The Earth has apparently entered a new climate regime in which it is locked into warmer than normal temperatures. In 2012 - the temperature of the globe once again rose above the long-term average, joining the 35 years preceding it.
Specifically, the Earth’s temperature in 2012 was 1.03°F warmer than the 20th century average, the 10th warmest year since records began in 1880 NOAA announced today. NASA, which independently evaluates global temperature records, found it was the 9th warmest year on record.
Most of the warmest years on record have occurred since the turn of the millenium. According to NOAA’s analysis, all 12 years of the 21st century rank among the 14 warmest on record.
Global surface temperature difference from average 1884 to 2012. Source: NASA Goddard Institute for Space Studies
“One more year of numbers isn’t in itself significant,” NASA climatologist Gavin Schmidt said. “What matters is this decade is warmer than the last decade, and that decade was warmer than the decade before. The planet is warming. The reason it’s warming is because we are pumping increasing amounts of carbon dioxide into the atmosphere.”
Although the global temperature was elevated in 2012, temperatures were not warmer than average uniformly over the globe.

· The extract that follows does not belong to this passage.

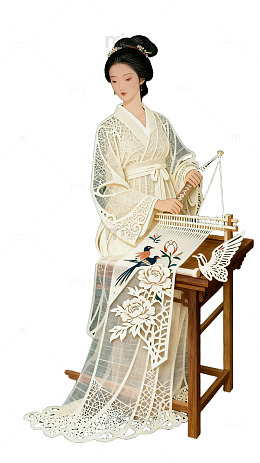 古风女子织布摄影图片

“[M]ost of Alaska, far western Canada, central Asia, parts of the eastern and equatorial Pacific, southern Atlantic, and parts of the Southern Ocean were notably cooler than average,” NOAA reported.
But these cooler than normal spots were outweighed by much warmer than average conditions in North and South America, much of Europe and Africa, and western, southern, and far northeastern Asia.

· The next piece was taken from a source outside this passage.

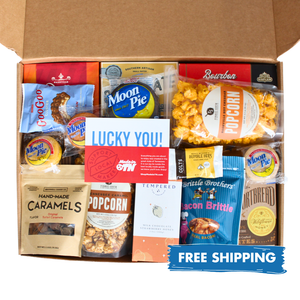 Gift box full of tennessee snacks and chocolates. 
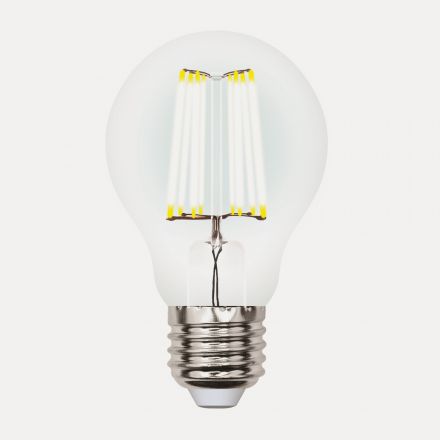 Лампа светодиодная LED 7вт 200-250В форма А диммируемая 630Лм E27 3000К Uniel Air филамент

Warmth was especially intense over the United States which logged its warmest year on record.
Satellite measurements of global temperature - which serve as an independent check of NOAA/NASA temperatures obtained from thermometers - indicate it was the 9th warmest of the last 34 years.
A pause in the warming?
Although temperatures are now warmer than the 1970s and earlier decades, some scientists and journalists point to an apparent pause in the warming which began in the late 1990s, suggesting climate change may not be occurring as quickly as predicted.
There is an entire scientific literature proposing several explanations for the pause. At the top of the list is the prevalence of La Nina events over the past decade - which result in episodic cooling of the tropical Pacific ocean and lower global temperatures. 2012 was yet another La Nina year.

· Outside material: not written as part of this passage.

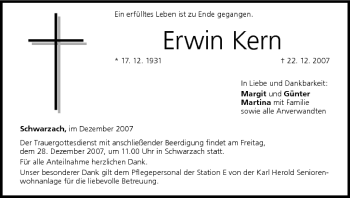 Anzeige von Erwin Kern von MGO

Such La Nina events occur somewhat randomly and are difficult to predict.
Although the average global temperature has not warmed appreciably since the late 1990s and a new global temperature record has not been established (since 2005 or 1998, depending on the analysis), 2012 was the warmest La Nina year on record besting 2011, the previous recordholder.
Should La Nina’s opposite phase, El Nino, make a strong return, the tropical Pacific would warm and a spike in global temperatures would likely follow. There have been only two El Ninos in the last 14 years.